Sunday, January 10, 2021

Even Bought A Mallet

 



Friday.  The sun’s up.  I’m so glad this week is done.  My dad suggested we go to the ‘duck pond’ for our morning hike.  I’d imagined that he meant the pond behind his home, which wouldn’t mean much of a hike.  “No.  Not the one at my place.  You’ve been there before.”  And with a bit of description, yes, I remembered the place he had in mind, at the end of Pine Road, off Buttermilk road that runs along beneath the Trapps and Skytop.  This morning we rendezvoused there, at small lot near the end of Pine Road. 

 

And where we took a path to the left last time, we cut right and upwards this time, passing over the NYC aqueduct feed and passed a few private dwellings that abut the park.  Once bitten, my dad was insistent that we not, head up the next right fork.  "I got spun around doing that last time and it took me hours to undue." We kept left, walking passed a remarkable view down all the way across to Dutchess County on the east side of the river, and came upon a field-seismograph, which my father had been mentioning.  Not exactly the San Andreas fault, but apparently this area is seismically active, which makes sense with these commanding cliffs rising and cascading here as they do.
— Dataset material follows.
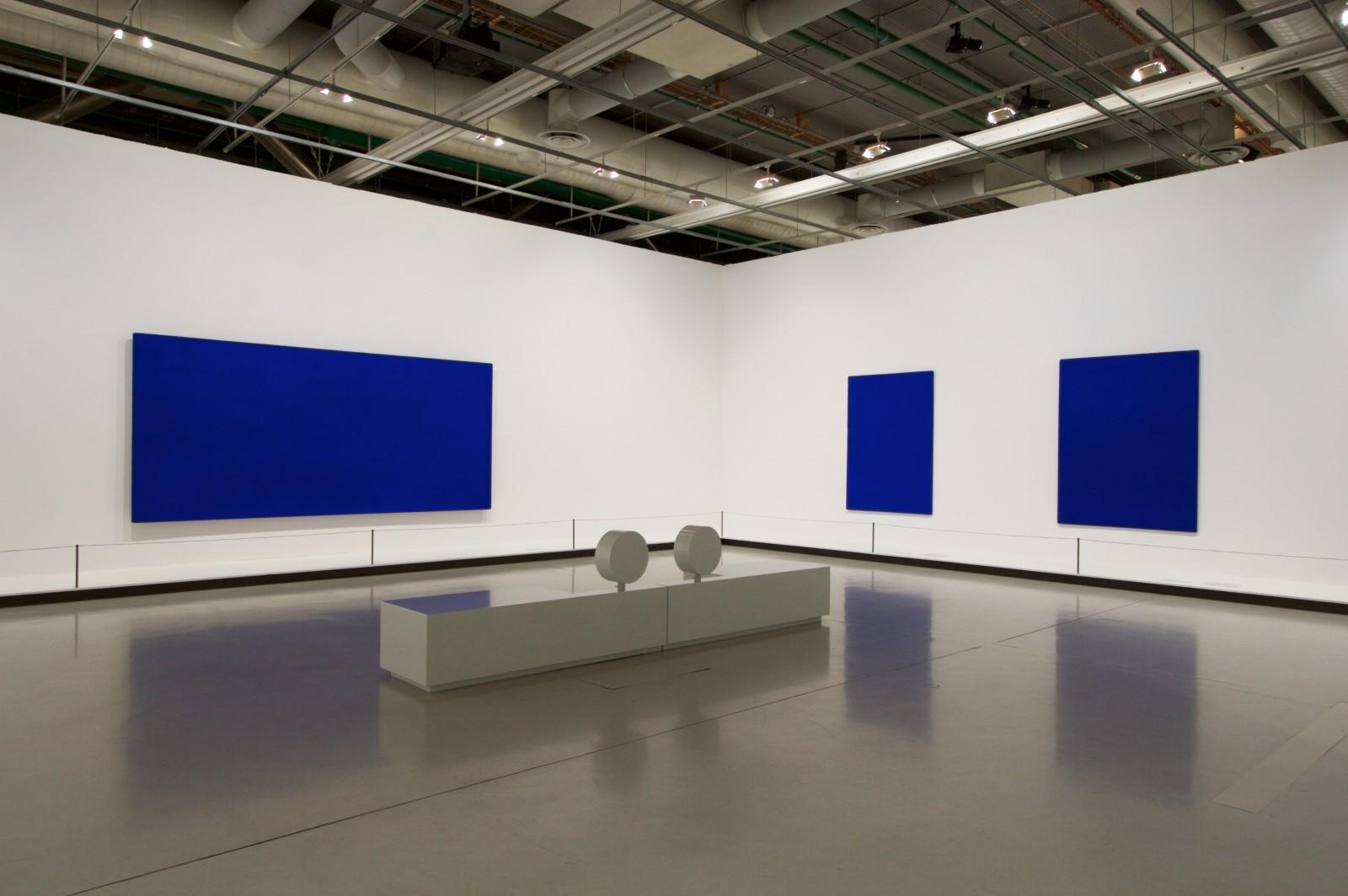 View the exhibition, "Yves Klein Corps, couleur, immatériel", Centre Georges Pompidou, 2007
Further along we had particularly nice view of Skytop.  This is much closer beneath the peak than the view I caught last time I was up here.  The road cuts down around a corner and we met the first people we’d seen the whole morning heading up the other direction.  The duck pond down below was where we had turned around last time.  There’s a pathway that winds around it up into the wooded slope, but my father was convinced it would be a muddy mess.  Down at the water’s edge the geese first and then the ducks swam to the other side away to the other side of the pond and we both wondered why it was, the two species seemed to get along so well.



Intrigued by my daughter’s suggestion that she wanted tonkatsu pork, I tried to orient the evening meal around something Japanese.  I got the panko breadcrumbs and even bought a mallet to beat down the pork paddies with.  Eh. Good but not great.  Deep frying rarely seems to work out the way you want it to.  And Japanese food remains one of the more challenging cuisines to convincingly replicate at home.